4)  Get someone to wrap the tape around you quite tightly.  We wrapped it horizontally around my waist and hips and crossed it over the bust area, using smaller bits to fill in the holes and crevices.  You need to put about 3 layers of tape.  We finished with a bit of white tape to mark my waist, shoulders and centre back and front.

A Jane Suit

5) Carefully cut up the back through the duct tape and the t-shirt (avoiding your bra and any bits of flesh that might be in the way) and remove.

6) Make two notches at the top of the cardboard tube for the coat hanger to sit in and tape securely.  The tube we used was a bit shorter than me (you need one at least as tall as your height to the base of your neck).  The base of the tube is supported on a stand made using an upturned table leg screwed onto a bread board.
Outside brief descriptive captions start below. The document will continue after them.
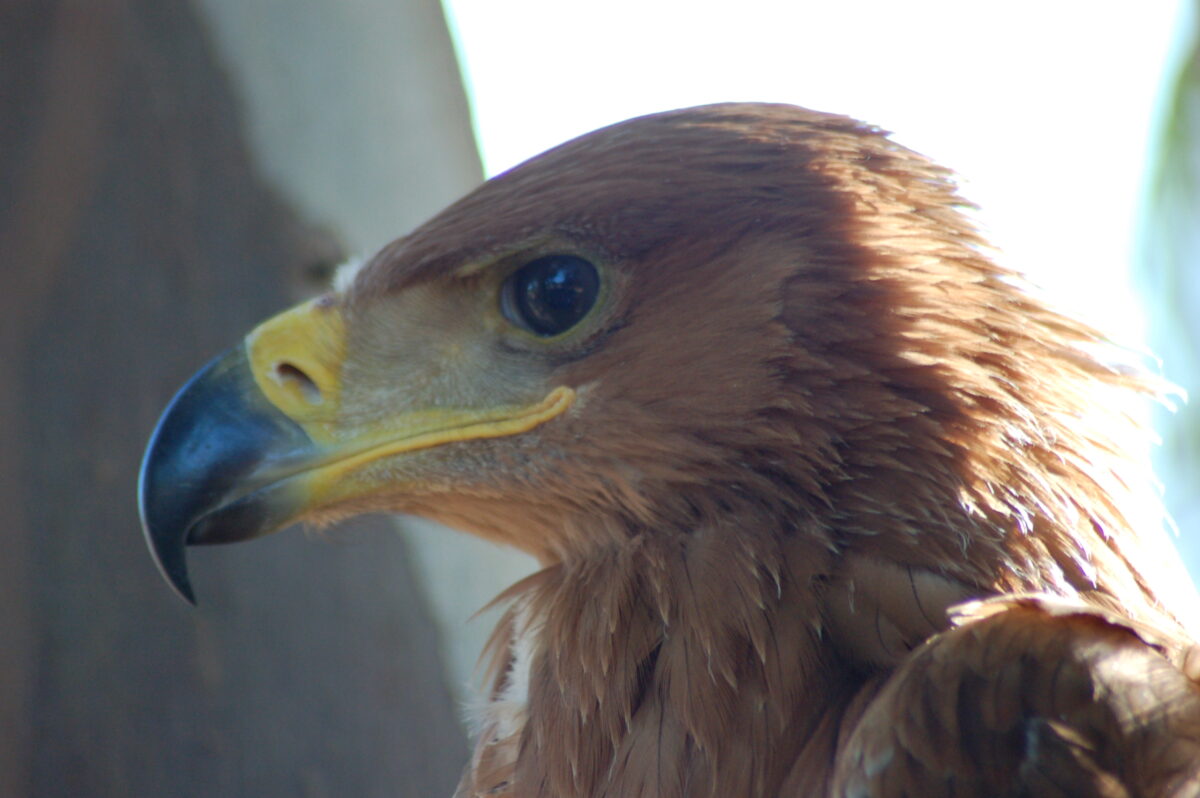 Iberian Imperial Eagle
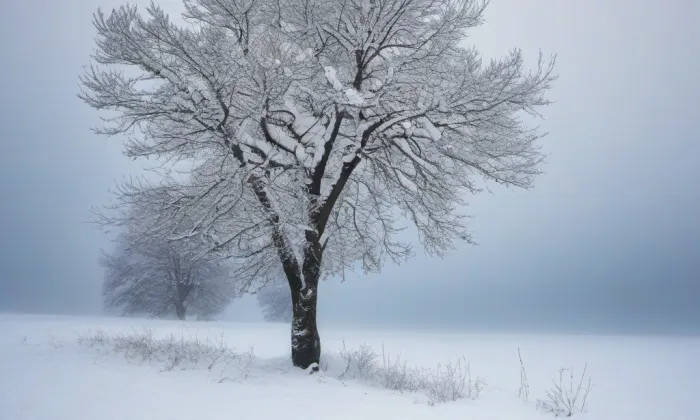 Kostel Nejsvětější Trojice (Řehlovice) – winter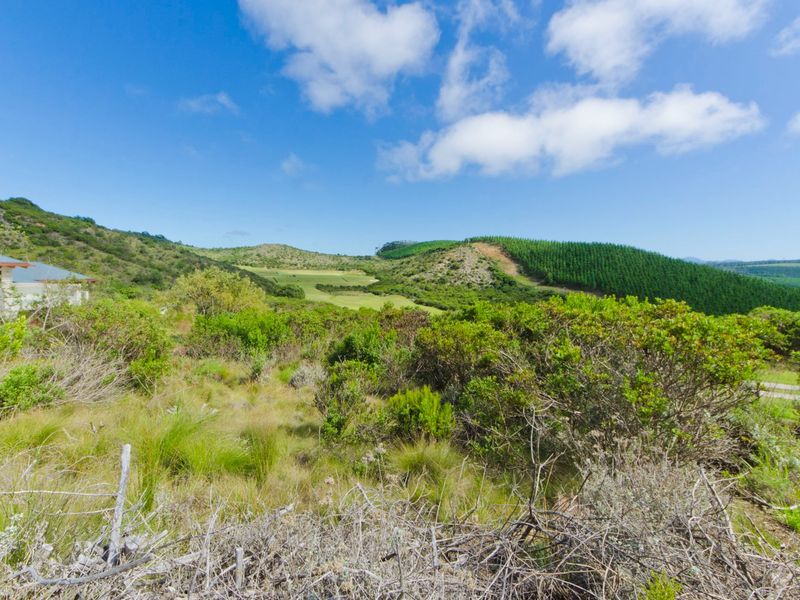 0 Bed Vacant Land in Pezula Private Estate for Sale - Photo 3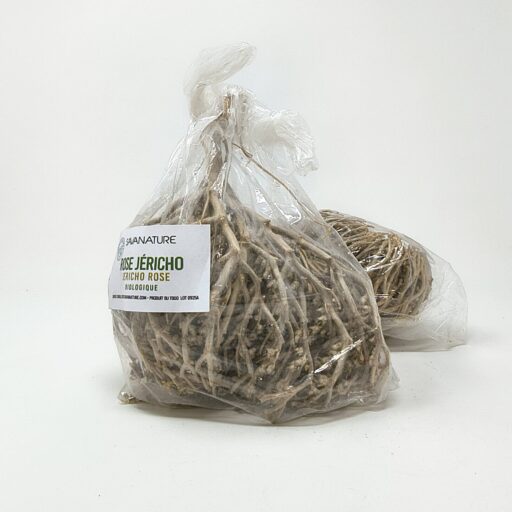 ROSE DE JERICHO séchées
7) Tape shoulder pads into the shoulders and lady lumps to keep their definition, then place the dummy over the coat hanger and tape up the back.

8) Stuff the dummy as tightly as you can.  She turned out to be very greedy!

9) Check the dummy’s measurements against your own before finishing her.  I found the waist on my dummy was quite a bit bigger than my real waist. I think because I had been moving around as I was wrapped.  To remedy this we cut darts into the tape shell to reduce the size and then re-taped the holes back up.

10) Cut bits of cardboard to go into the arm, neck and hip holes and taping them securely in place to stop the stuffing coming out.

11) Compare your height to the base of your neck to that of your dummy and alter the length of card board tube to match.

It took us the best part of a day to make her.  The wrapping didn’t take long at all but the stuffing was quite time consuming and  fiddly.

I’ll probably have a go at tidying her up and decorating her when I have a chance but in the mean time I was glad to see she fitted into my new Beignet skirt beautifully!

I Love My New Skirt!

I’m wearing the skirt with the Manu cardigan (from Kate Davies of Needled) I knitted a couple of years ago

I knew this would be good the moment I spotted the grey herringbone linen in Cloth House; it has such a lovely feel, and the funky orange buttons from Knit and Yarn in Bungay were just crying out to be teamed with it.

The pattern is Beignet from Colette.  The Colette standard woman is clearly a different shape from me; she has wider hips (or more probably a smaller waist) that start much lower than mine.  I had the same issues with the Clover pattern and after 5 muslins I gave up!  I had several goes at fitting this skirt too but with a much better result.

The buttons are larger than those specified in the pattern.  I realised this would cause a problem after I had made the skirt so I ended up by ripping off the two fronts and cutting new ones 3/8″ wider than the originals to compensate.  Fortunately (?) the pattern fabric requirements were so overly generous I had enough to make a second skirt had I wanted to.

I thought the most difficult bit would be to sew the curve where the lining meets the facing inside the two fronts, but actually this went reasonably well (both times!).  I was also very sceptical about my machine’s ability to handle the button holes but it defied my expectations and didn’t gobble the skirt up as I had fully expected it to do.  The hardest part in the end turned out to be making the belt loops.  I know this should have been really simple but sometimes my machine refuses to work with small pieces of fabric and this was one of those times!  Also for the life of me I couldn’t turn them inside-out as the pattern specified.  In the end I botched them together as neatly as I could.


Lastly I should show you the secret inside!  I love unexpected linings.

Sorry about the creases in the photos  – I have been wearing the skirt all morning.  I tend to consider creases in linen as acceptable!